短かったけれども、ギュッと握りしめてくる手は優しく、光磨は微笑んだ。


「まっ、いつか分かるか」

「そうだよ、コーマ」

「お前が言うなよ、鼓動」


そう言って光磨はようやくぼんやりとだが、分かった。

不安なのは何もアンダンテや自分だけではない、鼓動や音喜だって不安はある。それを二人は出さないだけだ。

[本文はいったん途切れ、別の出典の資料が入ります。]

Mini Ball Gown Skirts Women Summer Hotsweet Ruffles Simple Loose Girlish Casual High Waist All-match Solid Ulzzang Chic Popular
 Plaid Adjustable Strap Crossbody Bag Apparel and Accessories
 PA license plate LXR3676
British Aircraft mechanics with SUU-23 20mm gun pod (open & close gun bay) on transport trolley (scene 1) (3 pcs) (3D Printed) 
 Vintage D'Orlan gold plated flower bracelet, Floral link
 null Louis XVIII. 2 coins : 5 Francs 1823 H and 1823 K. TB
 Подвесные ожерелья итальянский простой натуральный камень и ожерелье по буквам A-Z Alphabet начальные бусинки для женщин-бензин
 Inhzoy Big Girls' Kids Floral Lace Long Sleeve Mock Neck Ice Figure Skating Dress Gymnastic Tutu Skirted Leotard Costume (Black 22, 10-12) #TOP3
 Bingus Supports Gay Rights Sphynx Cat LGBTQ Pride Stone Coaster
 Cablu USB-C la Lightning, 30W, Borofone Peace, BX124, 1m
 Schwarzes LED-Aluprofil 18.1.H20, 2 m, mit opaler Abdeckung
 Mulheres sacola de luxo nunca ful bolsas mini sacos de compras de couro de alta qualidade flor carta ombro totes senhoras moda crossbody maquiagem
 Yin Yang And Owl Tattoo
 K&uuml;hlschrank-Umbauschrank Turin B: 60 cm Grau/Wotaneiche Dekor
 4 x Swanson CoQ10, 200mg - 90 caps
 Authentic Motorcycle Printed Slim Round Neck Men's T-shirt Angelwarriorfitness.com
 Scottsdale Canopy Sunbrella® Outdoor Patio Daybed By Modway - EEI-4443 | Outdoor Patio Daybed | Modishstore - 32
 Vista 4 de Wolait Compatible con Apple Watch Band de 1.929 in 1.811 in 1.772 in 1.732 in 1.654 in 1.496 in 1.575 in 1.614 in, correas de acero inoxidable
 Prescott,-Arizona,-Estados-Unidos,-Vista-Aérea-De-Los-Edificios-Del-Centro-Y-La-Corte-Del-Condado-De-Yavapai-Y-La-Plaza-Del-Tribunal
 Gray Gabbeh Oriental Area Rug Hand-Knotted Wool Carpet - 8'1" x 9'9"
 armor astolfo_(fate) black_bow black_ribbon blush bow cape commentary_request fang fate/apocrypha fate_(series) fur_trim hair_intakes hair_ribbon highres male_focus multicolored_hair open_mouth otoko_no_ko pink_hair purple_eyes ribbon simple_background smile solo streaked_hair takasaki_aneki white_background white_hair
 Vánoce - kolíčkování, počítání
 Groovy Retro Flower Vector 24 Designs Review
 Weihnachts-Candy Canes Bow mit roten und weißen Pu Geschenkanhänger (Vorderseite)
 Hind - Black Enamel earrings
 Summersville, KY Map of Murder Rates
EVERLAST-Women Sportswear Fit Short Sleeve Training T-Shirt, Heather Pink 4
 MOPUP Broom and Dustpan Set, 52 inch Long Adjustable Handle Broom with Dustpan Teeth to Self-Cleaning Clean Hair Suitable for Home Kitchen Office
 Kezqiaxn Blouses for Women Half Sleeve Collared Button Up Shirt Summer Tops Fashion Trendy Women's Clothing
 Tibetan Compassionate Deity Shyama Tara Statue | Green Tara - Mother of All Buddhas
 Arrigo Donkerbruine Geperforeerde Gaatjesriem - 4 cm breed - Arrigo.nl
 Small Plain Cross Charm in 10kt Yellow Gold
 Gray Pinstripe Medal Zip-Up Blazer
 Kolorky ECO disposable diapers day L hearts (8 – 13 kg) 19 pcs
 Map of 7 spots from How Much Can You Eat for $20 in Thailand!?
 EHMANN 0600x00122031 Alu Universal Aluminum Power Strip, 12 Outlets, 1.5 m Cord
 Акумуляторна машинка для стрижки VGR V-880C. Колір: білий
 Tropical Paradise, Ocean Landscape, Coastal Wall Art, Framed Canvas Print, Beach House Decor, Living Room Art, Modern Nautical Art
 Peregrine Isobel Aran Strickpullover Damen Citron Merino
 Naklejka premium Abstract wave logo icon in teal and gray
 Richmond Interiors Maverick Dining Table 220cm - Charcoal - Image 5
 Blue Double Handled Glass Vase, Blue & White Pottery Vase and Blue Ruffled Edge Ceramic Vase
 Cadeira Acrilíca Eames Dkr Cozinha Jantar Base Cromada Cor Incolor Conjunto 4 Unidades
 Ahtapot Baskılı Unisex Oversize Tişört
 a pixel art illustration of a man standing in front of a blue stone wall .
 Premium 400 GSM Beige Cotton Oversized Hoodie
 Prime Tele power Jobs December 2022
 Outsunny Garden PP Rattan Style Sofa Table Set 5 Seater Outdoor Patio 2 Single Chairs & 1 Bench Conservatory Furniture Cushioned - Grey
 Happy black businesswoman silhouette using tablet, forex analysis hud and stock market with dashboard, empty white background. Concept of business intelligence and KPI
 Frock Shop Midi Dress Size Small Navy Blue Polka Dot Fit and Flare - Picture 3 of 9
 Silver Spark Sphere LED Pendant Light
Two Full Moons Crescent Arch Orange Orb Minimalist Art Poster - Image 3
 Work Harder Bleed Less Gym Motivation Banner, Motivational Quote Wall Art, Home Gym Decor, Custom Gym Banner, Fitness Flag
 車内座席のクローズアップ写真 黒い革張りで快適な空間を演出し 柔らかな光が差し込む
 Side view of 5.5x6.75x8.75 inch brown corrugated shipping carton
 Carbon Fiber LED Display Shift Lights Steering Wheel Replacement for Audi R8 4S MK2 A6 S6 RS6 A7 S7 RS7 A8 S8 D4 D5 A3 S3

それに、アンダンテに頼りすぎるのもよくない。壁の向こう側へ行くという光磨の願いを叶えてくれた。それ以上を望むのは間違いだ。

隣を歩くアンダンテを見ると、胸元をきつく握りしめている。彼女だって不安なのだ。行き場のない不安を無力な彼女に期待するのはおかしい。自分が期待するのだとしたら、アンダンテではなく、リーゼルなのだ。


「あっ………」


光磨たちの進む先に、よく見慣れた【みどりの壁】が現れる。近づくほどに巨大となっていく壁は恐ろしく、ここが外なのか中なのか分からなくなりそうだ。

村を出てからそれほど時間は経っていない。それなのに、こんな近くに壁があったことに光磨は少なからず驚いた。なぜならば、何も聞こえなかった。


「これって壁、だよな?」

「うん」


手を引くアンダンテに同意を求めれば、小さく頷く。

内心でホッとしたことに、光磨は首を傾げた。あんなにも出たいと思っていた壁なのに、見えなくなると寂しく感じてしまう。それほど、壁は自分たちの生活になくてはならないものになっていたということだ。

もし取り払うことになったら泣いてしまうかもしれないなぁなんて、思う。

やがて手を伸ばして触れる距離まで行くと、光磨は改めて壁の感触を確かめた。

木特有のざらりとした感触と苔の柔さに、どうやら壁自体は光磨の村を囲っていたものと同じものであるらしかった。けれども、どの木にも属さないものであることは分かる。


「コーマ、中に入るつもり?」

「中に入んなきゃ、通れねぇだろう」

「別にさ、行かなくても遠回りすればよくない」

「えぇ、めんどくせぇよ」


光磨はペタペタと壁を叩きながら反論すると、鼓動は呆れたように肩を落とした。

いっそのこと上から見られるならば分かっただろうが、左右どちらをみても果てしなく壁が続いている。


「だってこの中がどうなっているか、分からないんだよ!不安じゃないの?」

「不安よりもさぁ、何かあるか気にならねぇー」

「ならないよ、ねっ!音喜くん」


同意を求めるために、鼓動が音喜に聞くと彼は壁を見上げながら瞳を輝かせていた。


「やめとけ、鼓動。音喜は夢の世界へ旅立っちまってる」

「音喜く~~ん!」


情けない鼓動の声を聞きつつ、光磨はアンダンテに中へ入れないか聞く。


「大丈夫、だと思う」

「頼んだよ!!アンダンテ!」


光磨の代わりに張り切って言う音喜に、鼓動は等々腹をくくったらしい。こうなってしまった音喜に、何を言っても変えないことを自分と鼓動はよく知っていた。

出来ることなら入りたくなかったんだけどなぁ、とぼやく鼓動を哀れに思いながら、光磨はアンダンテを自分より前へ誘う。

するとアンダンテは両手を組むと、その場で立ち膝をつく。まるで祈りを捧げるかのようだった。


「開いて」


厳かに告げるアンダンテの声を皮切りに、彼女を中心として光が生まれる。それは瞬く間に光磨たちを包み込んだ。

その光は、村を出るときに感じた光と同じものだった。